We can write this as:
$$\frac{dS}{dt} = L$$

which reads: the derivative of the action (along the correct path) equals the lagrangian (at the end point we're considering).

But this is not what we are after. We wanted the solution of the dynamical problem, with t shifted from t2 to t2 + dt, but without changing the end point.

So we have to work back a bit. We can say that:
$$\frac{dS}{dt} dt = \frac{\partial S}{\partial q} dq + \frac{\partial S}{\partial t}dt$$
from which we derive:

$$\frac{\partial S}{\partial t} = \frac{dS}{dt} - \frac{\partial S}{\partial q} \frac{dq}{dt}$$

where we have to remember that the increments dq and dt were along a genuine dynamical path. If we now accept (can be shown too) that $$\frac{\partial S}{\partial q} = p$$, then we have:

$$\frac{\partial S}{\partial t} = L - p \dot{q}$$

which is nothing else but - H.

 

[dextercioby]

I see now, it's another matter than i had been thinking of in the first place.

A suggestion of notation would be to consider changing $dt,dq$ with $\Delta t, \Delta q$.

Keeping the d's means using differential forms where they shouldn't belong.

Daniel.

 

[vanesch]

A suggestion of notation would be to consider changing $dt,dq$ with $\Delta t, \Delta q$.

Keeping the d's means using differential forms where they shouldn't belong.

Yes, that's a good idea...

 

[gulsen]

Thanks vanesch, that leaves yo show $$\frac{\partial S}{\partial q} = p$$, but it appears to be as troublesome as the first question... (I'm a newbie to such things) I'll give it a try in the evening.

S is a functional, not a function, it doesn't have partial derivatives, but functional derivatives, like Ga^teaux or Frechet...

So your $\frac{\partial S}{\partial t} = - H$ is what physicists call "bull****".

Daniel.

This's simply a flame and I wonder where the admins are.

Daniel, thank you for your warm, enlightening comment. I'm glad that I don't fit into category of people whom you call physicist.

 

[vanesch]

Well, you can work out the variation of the action:
$$q \rightarrow q + \Delta q$$, as you do to derive the E-L equations in the first place, keeping the time boundaries fixed:

$$\Delta S = \left[\frac{\partial L}{\partial \dot{q}} \Delta q \right]_{t_1}^{t_2} + \int_{t_1}^{t_2}\left( \frac{\partial L}{\partial q}- \frac{d}{dt}\frac{\partial L}{\partial \dot{q}}\right) \Delta q dt$$

Usually, we say that the variation $$\Delta q$$ has to vanish on the end points, which makes the integrated term disappear. If otherwise Delta is a random small variation, then the only way to get this expression to 0, is by requiring the E-L equation to be valid. That's usually how the E-L equation is derived from the variational principle.

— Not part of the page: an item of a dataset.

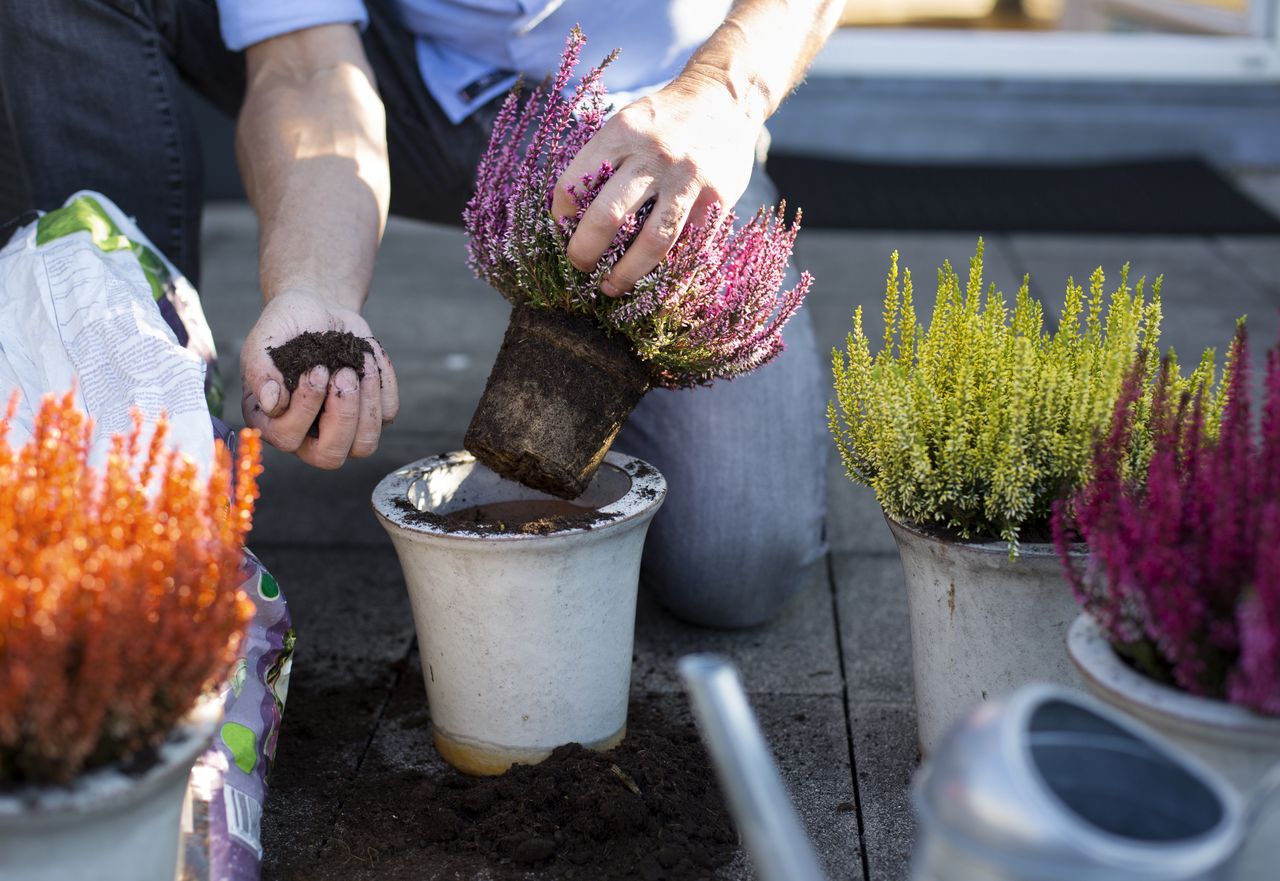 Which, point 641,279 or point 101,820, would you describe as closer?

However, this time, we do things differently. We consider that the E-L equation IS satisfied (we are working with a solution to the dynamical problem), but we consider a variation which does NOT vanish at the end point (2) (although it does, at the end point (1)). We say that $$\Delta q (t_2) = \Delta q$$
As such, the thing that remains is:
$$\Delta S = \frac{\partial L}{\partial \dot{q}} \Delta q \right]_{t_2}$$
from which we can deduce that $$\partial S / \partial q_2 = p$$

 

[vanesch]

This's simply a flame and I wonder where the admins are.

Daniel, thank you for your warm, enlightening comment. I'm glad that I don't fit into category of people whom you call physicist.

Let's not get into a shouting contest here. Daniel misunderstood the original question, no need to get nervous over it.